Pharus, brilliantly played by understudy Jonathan Burke, not only doesn’t hide but also flaunts his being gay at the all-boy, all-Black, Drew Academy. (The Headmaster pleads with him to “tighten up”.) On full scholarship, and from a fatherless household, through talent and cunning, he leads the choir, an esteemed acapella group that is the school's signature activity for its fundraising and civic reputation. Pharus’ status is jeopardized by a series of events that occur when Bobby (superbly played by understudy Gerald Caeser) a legacy with privileged background, whose uncle happens to be Headmaster, taunts Pharus calling him “sissy” and “faggot”.
Playwright Tarell Alvin McCraney takes the powder-keg atmosphere of the all-boys school to explore all aspects of intra-racial issues between African American young men - class distinctions, family background, notions of masculinity (yes, even penis size) that have traditionally underpinned “white”, boarding school coming of age stories like “Separate Peace” and “Lord of the Flies”. McCraney writes about what he knows – he’s African American and gay and author of the Oscar-winning “Moonlight” -but he makes Pharus’ pain and the Black boys struggling to become men universal.
What makes CHOIR BOY unique is how McCraney and musical director Jason Michael Webb incorporate acapella song into the drama, borrowing from spirituals, gospel, folk and pop.

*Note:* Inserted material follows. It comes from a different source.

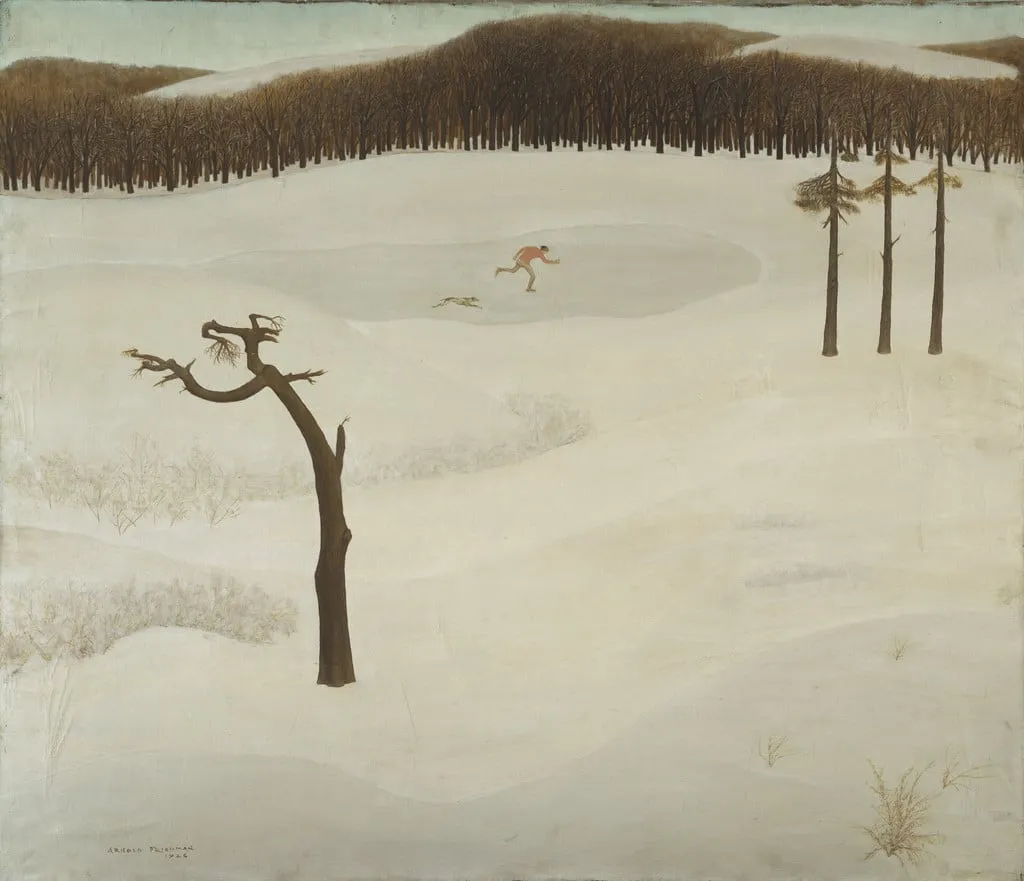 Untitled, by Arnold Friedman, oil, 1926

The range of the ten numbers is remarkable: from the group’s soulful lament that reflects the loneliness of school boarding, “Sometimes I Feel Like a Motherless Child” to a hysterical riff by the Bobby and his sidekick on New Editions's “Boys to Men” (which, after all, happens to be McCraney’s point), and a delightful fantasy sequence inspired by the Temptations. The choreography -mostly hip hop - by Camille A. Brown rivals any dance of the big musicals now on Broadway. Director Tripp Cullman does his best work yet, assisted by David Zinn, whose versatile set shifts from classroom, to locker room and dorm room with ease, and by Peter Kaczorowski, who calibrates his lighting design with distinctive sensitivity.
All the young men are excellent, especially Caleb Eberhardt as divinity student David and John Clay III as AJ, Pharus’ straight, jock roommate. The ever reliable Chuck Cooper is perfect as the headmaster, and a puckish Austin Pendleton, as a visiting white teacher who brings a different perspective to events, is, as ever, the puckish Austin Pendleton.